While activists cheered the recent decision by the Church of England to divest from fossil fuel companies, in reality the church’s vote does not call for any immediate action, nor does it commit to actually divesting any of its oil and gas holdings. The decision is another example of what we like to call “fake divestment,” and it ultimately aligns with Cambridge’s recent rejection of divestment.
We’ve seen the fake divestment approach used many times before at campuses across the globe. From Syracuse and Johns Hopkins and even the London Pension Fund Authority, this tactic has become prevalent among organizations who are hoping to appease activists and generate “feel good” press, while still holding on tightly to their oil and gas investments for the foreseeable future. This week’s announcement from the Church of England’s announcement is no different.
In what the Financial Times called a “symbolic move,” the General Synod, the church’s parliament, voted to pull investment from firms not aligned with the Paris Agreement by 2023. This means that in five years, not today, the Church of England will decide whether or not to divest from certain companies.
As of last year, the Church had £123 million invested in oil and gas companies in their equity portfolio, which represents just one percent of the £12 billion in funds that are impacted by this vote. Again, proving this gesture is more symbolic than substantial.
The measure that was ultimately adopted is less strict than the original proposal, which would have set 2020 as the deadline for compliance with the Paris Agreement. David Walking, deputy chair of the Church Commissioners, argued that the faster time frame would take away their ability to positively influence companies: “It would not spur companies to change further and faster. It would do the exact opposite; it would take the pressure off them.”
Indeed, the Church Commissioners and the Church of England Pensions Board, who are responsible for overseeing investments, noted that the ability to proactively engage companies, rather than direct divestment, is the best way to bring about change:
“Our active engagement and collaboration with other investors are changing companies’ behaviour, providing greater leverage and influence than we could achieve simply by selling our holdings. We are not convinced that forced divestment will bring about the change we need to see.”

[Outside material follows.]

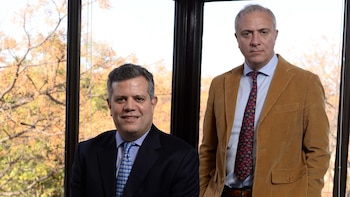 El Dr. José A. Iacona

This is in a line with arguments made by other churches that have opposed direct divestment of fossil fuel companies. For example, just last month, the Presbyterian Church in the United States voted “to maintain church investments in fossil-fuel corporations while aggressively advocating for reductions in actions causing climate-warming emissions.” In 2016, the leader of the church’s Mission Responsibility Through Investment (MRTI) committee explained their opposition to divestment:
“In the real world of corporate engagement, the more stock you own the more power you have; You are treated much more seriously by companies that are skeptical of what you are asking for.”
Likewise, the United Methodist Church has voted against divestment and the Lutheran Church passed a resolution to review investments rather than divest. Last year, several Catholic institutions announced they were divesting, only for it to be discovered that the establishments did not have any fossil fuel investments to divest. Other leaders in the Catholic Church have argued that divestment conflicts with Church’s ability to address poverty.
The Church of England’s announcement is the latest case of the fake divestment trend that’s become popular in recent years. It’s a tactic that we’ve seen repeatedly, and yet rarely has it led to actual divestment. Let’s hope over the next five years the Church of England continues to see the benefits of active engagement rather than pursing an ineffective divestment strategy.